> **MATERIAL PROVIDED**
-------------------------

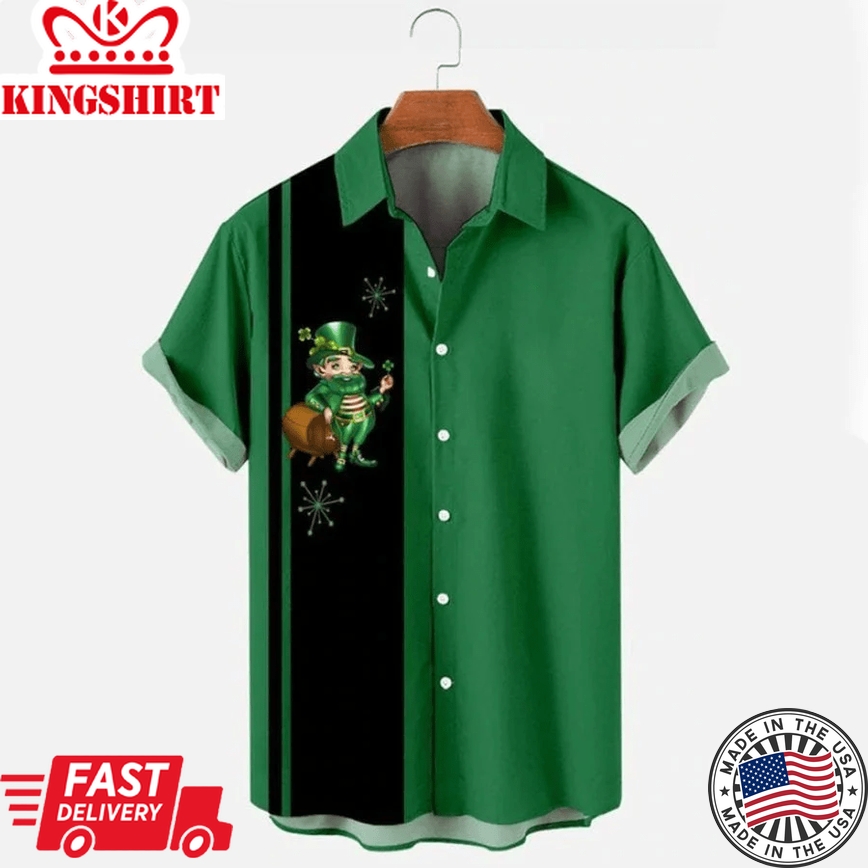 Shenanigans St. Patrick's Day Clover Trendy Hawaiian Shirt, Lucky Patrick's Day, Irish Trendy Hawaiian Shirt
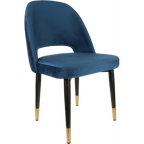 Semifreddo Chair - Black Metal 450h Legs/Denim Velvet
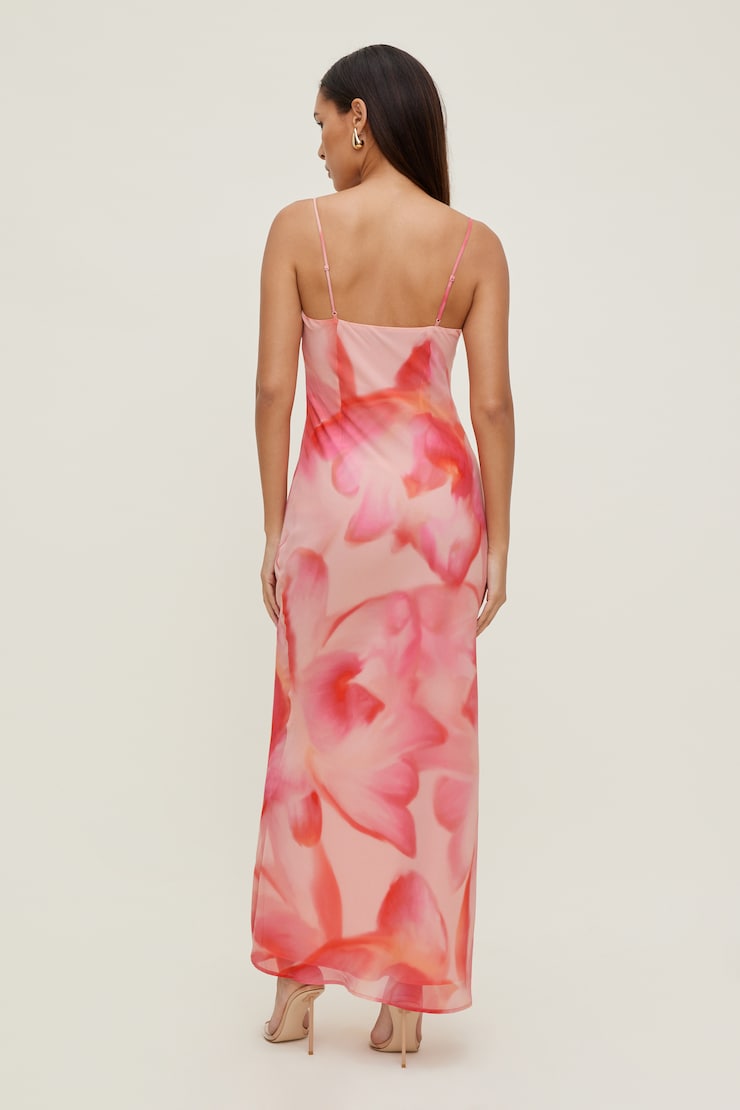 Alessia Maxi Slip Dress Floral Abstract Pink large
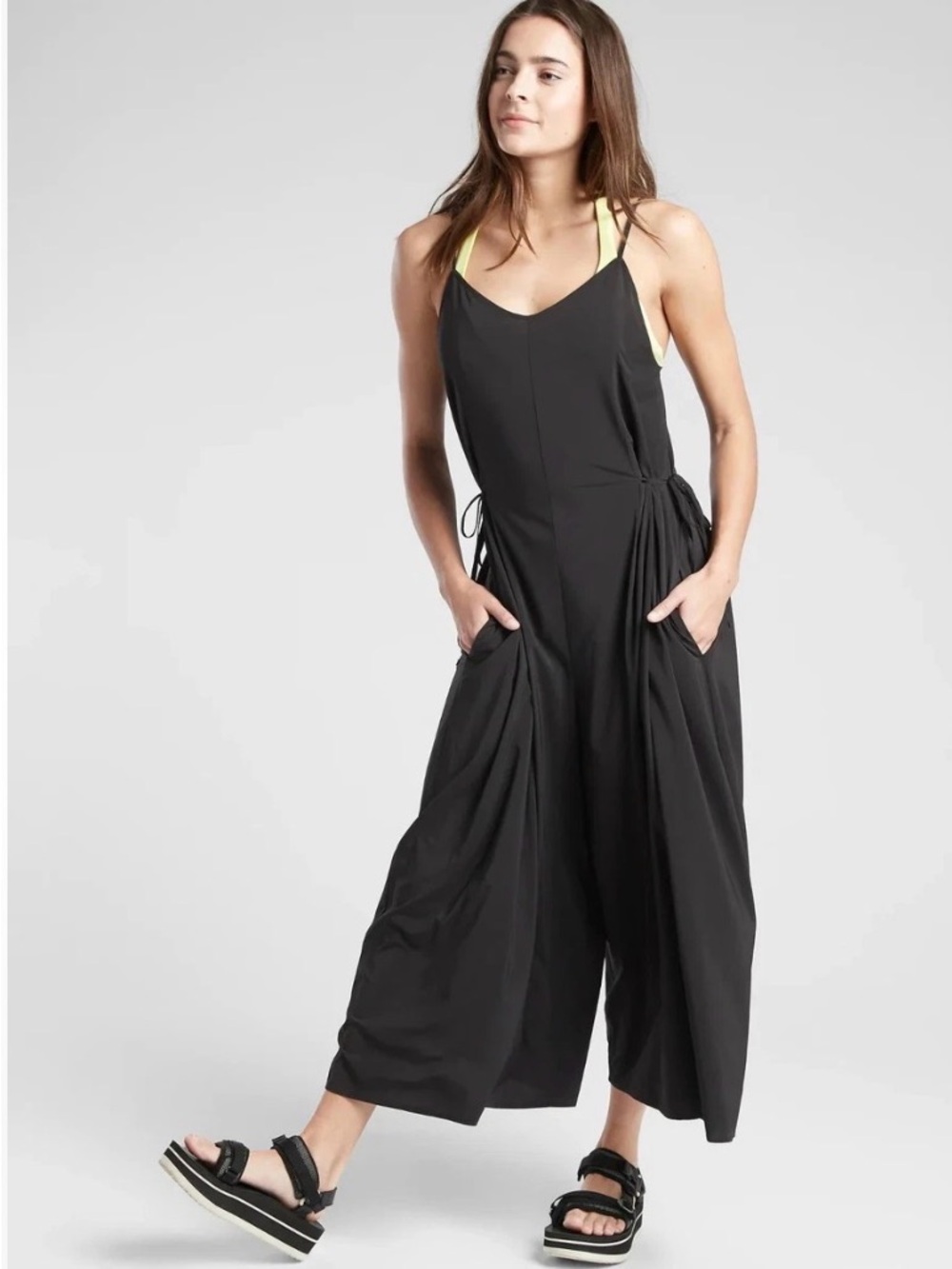 Athleta Black Wide-Leg Jumpsuit with Contrast Straps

-------------------------

> **PROBLEM**
Output the listing above exactly, but leave its pictures behind.

> **TASK SOLUTION**
 Shenanigans St. Patrick's Day Clover Trendy Hawaiian Shirt, Lucky Patrick's Day, Irish Trendy Hawaiian Shirt
 Semifreddo Chair - Black Metal 450h Legs/Denim Velvet
 Alessia Maxi Slip Dress Floral Abstract Pink large
 Athleta Black Wide-Leg Jumpsuit with Contrast Straps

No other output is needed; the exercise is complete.